Six years ago Robert Scoble and Shel Israel published Naked Conversations, a book that defined the business use of social media. Last month, Scoble and Israel released a new book, The Age of Context, which promises to define the conversation about the most important trends in our digital lives.
The book, based on over 300 interviews conducted over eighteen months, is an engaging journey through the five “converging forces that promise to change virtually every aspect of our lives”: Social media, mobile, data, sensors, and location-based technology. These five forces are now converging into one great superforce, one whose impact will be far greater than the sum of its parts. It will usher in a new age, the Age of Context.
Context, say Scoble and Israel, is about how we relate to everything around us. In the age of context, our relationships with our devices will become far more personal and they will accurately predict what we will want to do next. Google Glass is the flagship for contextual wearables, devices that will know when we are walking, skydiving, running, skiing, surfing, sleeping or watching TV. They will give us data and alerts in the context of what we are doing. They will understand our words and gestures, as well as our little taps and blinks. Similarly, sensors and software will understand the context of our activities and respond to our wishes, even before we articulate them.
That may well be our exciting–and sometimes bewildering–future. Scoble and Israel focus on consumers but what role will enterprises play in this future? What does context mean in the context of the enterprise? Obviously, enterprises are going to be influenced and shaped by these forces, and they will have to respond to new consumer expectations and new concerns about privacy. There could be, however, another dimension to the Age of Context as it manifests itself in enterprise setting, namely data management and analysis.
Similar to how the devices Scoble and Israel describe understand the context in which they operate, so enterprises should have a deep understanding of the context of the data they own, access, and share. Today, enterprises are just beginning to get their hands around all the data assets they use in the course of their on-going operations. Their IT staffs are striving to improve their knowledge of who has access to what data, where the data resides, who should and shouldn’t have access to any given piece of data, how frequently the data is used, should it be deleted or archived, what compliance and regulatory rules apply to the data, who legally owns the data and how well it is protected.

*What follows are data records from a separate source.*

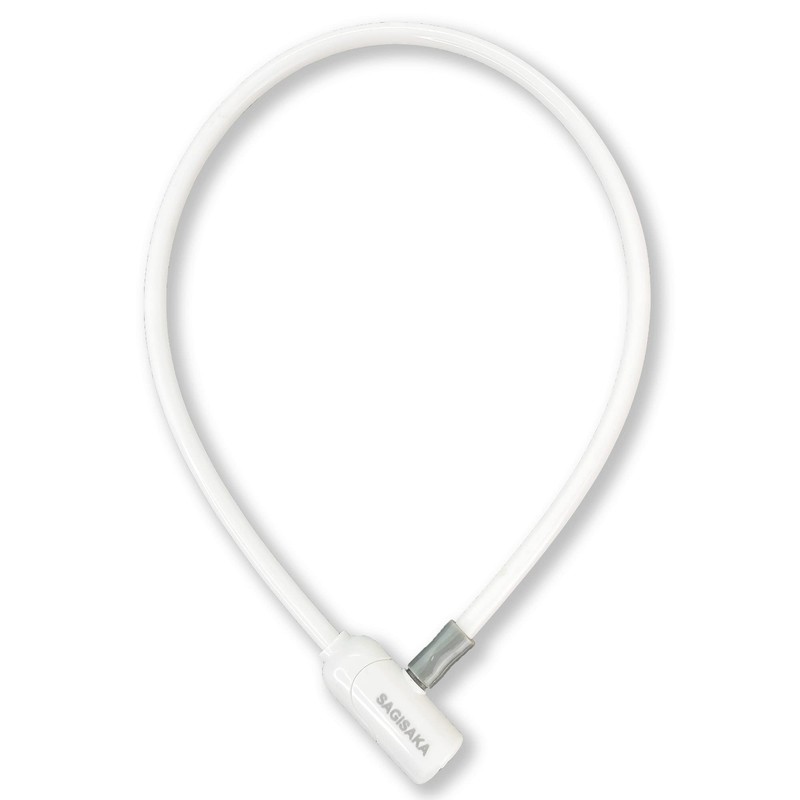 Bicycle Key Mini Dimple Wire Lock 23.6 inches (60 cm),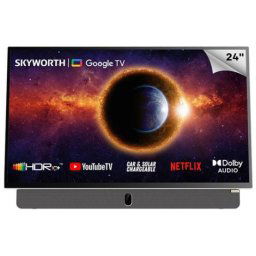Skyworth STF6800 24" FHD Grey Portable Google TV *TV license*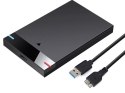 Obudowa dysku kieszeń na dysk adapter hdd ssd 2,5'' usb 3.0 sata kabel etui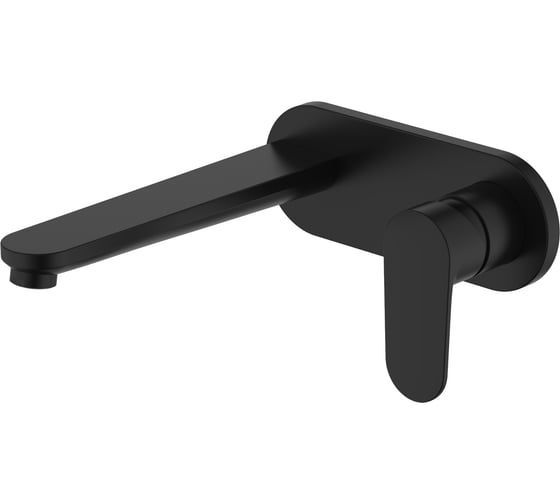 Изображение товара Смеситель для раковины AQUATEK AQ1813MB НИКА настенный (внешняя и скрытая часть), матовый черный 00000143118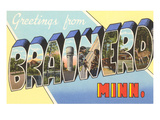 Greetings from Brainerd  Minnesota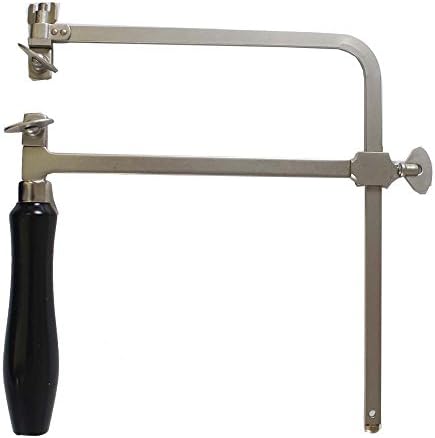 Toolusa Jewel Tool 6 Quadro de serra ajustável | pode acomodar uma lâmina de serra de 7 de comprimento | Alças de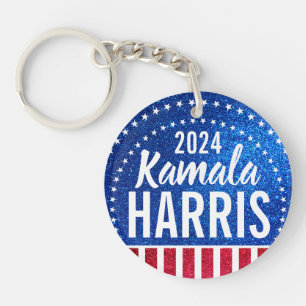 Support Kamala Harris 2024 Progress and Unity Keychain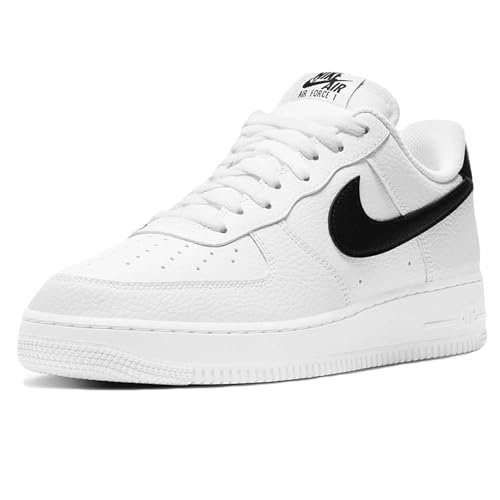 Nike Men's Air Force 1 '07Basketball Shoe, White Black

Developing this contextual understanding of the data is crucial at a time when the amount of data created
by an average enterprise doubles each year. Moreover, today’s digital enterprises constantly exchange data with their suppliers, partners, and customers, and increasingly access data that is in the public domain. The questions related to the context in which the data is created, moved, and shared are growing in complexity and so is the need for IT systems that understand the what, why, and where of enterprise data and can anticipate and respond in real-time to new requirements and risks.